- _EXERCISE AIM_
Output exactly, and only, the stretch of lines beginning at the line with "Matthew OKeke, MD" and ending at the last line of the listing below. Drop the pictures.

RECORDED DATA below:

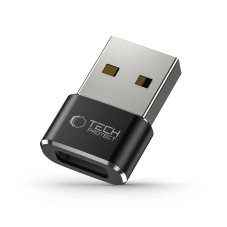 Redukcia Tech-Protect Ultraboost Adapter Usb to Type-C Black Redukcia Tech-Protect Ultraboost Adapter Usb to Type-C Black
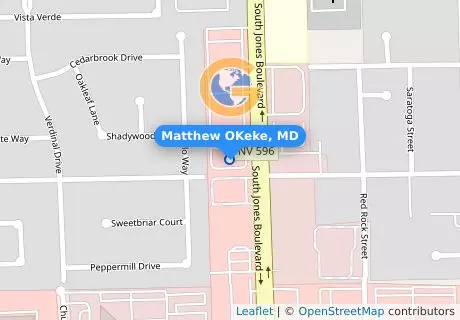 Matthew OKeke, MD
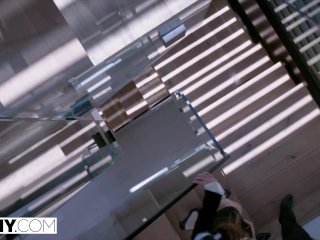 TUSHY She has a secret way to relieve stress screenshot number 0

End of RECORDED DATA.

- _RESULT OF THE EXERCISE_
 Matthew OKeke, MD
 TUSHY She has a secret way to relieve stress screenshot number 0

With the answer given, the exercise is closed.